I’m very pleased to learn that Railhead has made it onto the shortlist for this year’s Carnegie Medal!

The Carnegie is one of the most prestigious UK prizes for children’s books, awarded by CILIP (the Chartered Institute of Library and Information Professionals). It’s a great honour, and a very strong shortlist. The winner will be announced at a ceremony in London on xx June, but whatever happens it’s lovely to be on the shortlist again, (I was previously shortlisted for Fever Crumb, and foe Here Lies Arthur, which went on to win). Congratulations to all the other shortlists! I’m very grateful to all the librarians who have supported Railhead.

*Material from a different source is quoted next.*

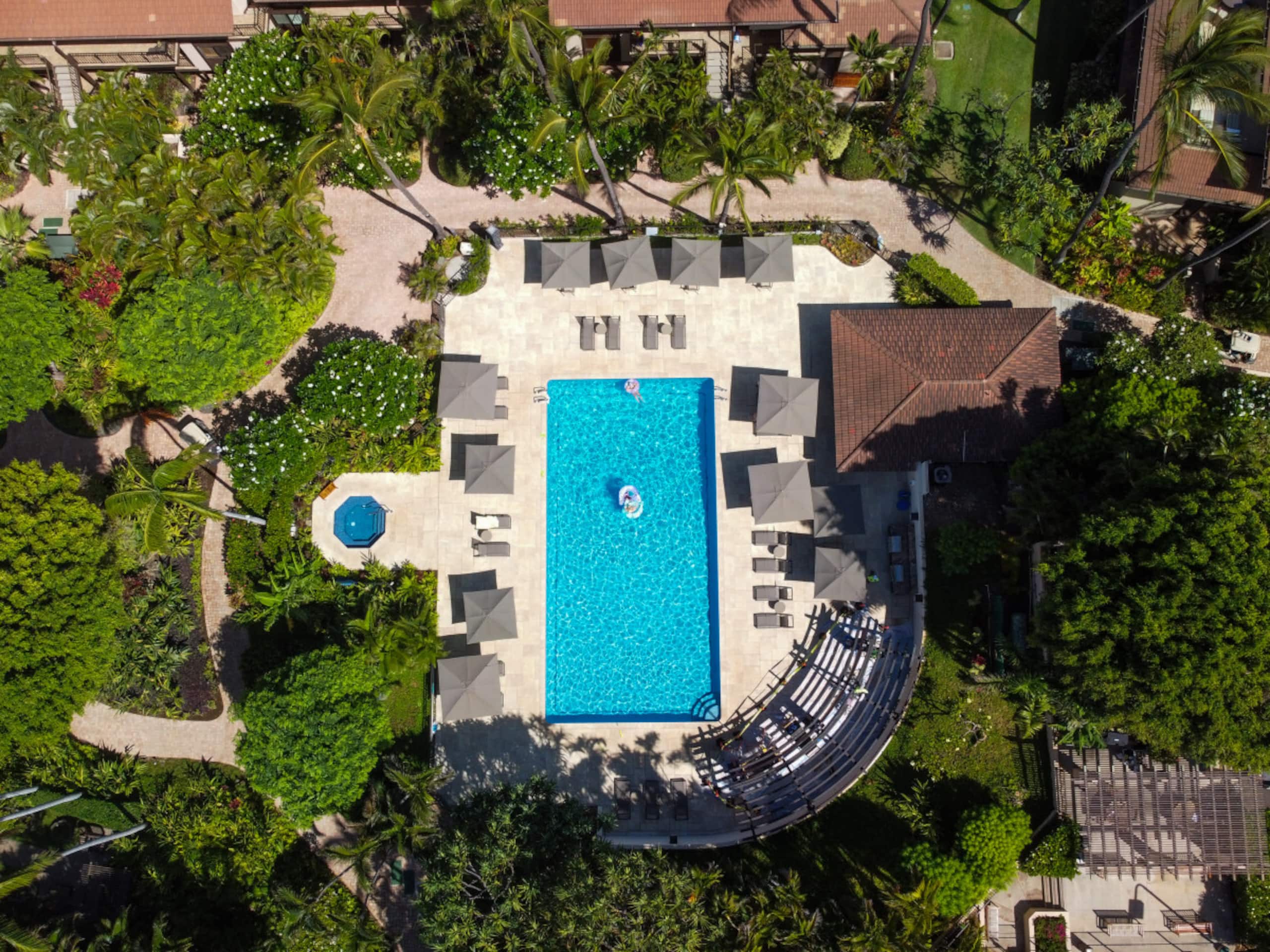 Condo in Kihei · ★4.9 · 2 bedrooms · 3 beds · 2 baths - Image 32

Meanwhile, the UKLA (United Kingdom Literacy Association) has also shortlisted Railhead for its 2017 award – and Pugs of the Frozen North, the third of my collaborations with Sarah McIntyre, is also shortlisted in the younger category!

As with the Carnegie, the UKLA shortlist is very strong (it’s been a good year for children’s books) and you can see it here.

Meanwhile, across the Atlantic, the Science Fiction Writers of America have been drawing up the shortlists for their famous Nebula Awards, and they’ve nominated Railhead for an André Norton Award (a prize for books aimed at children or young adults, and named after an author whose space stories I used to read when I was at school – very good they were too). The shortlist also includes Frances Hardinge’s superb The Lie Tree, and you can find it here.

Needless to say, I don’t hold out high hopes of winning all (or any) of these awards in the face of such stiff competition, but fingers crossed. And it’s nice to know that Railhead is good enough to get on shortlists. I hope this will draw it to the attention of some new readers, and that some of them will go on to read the sequel, Black Light Express.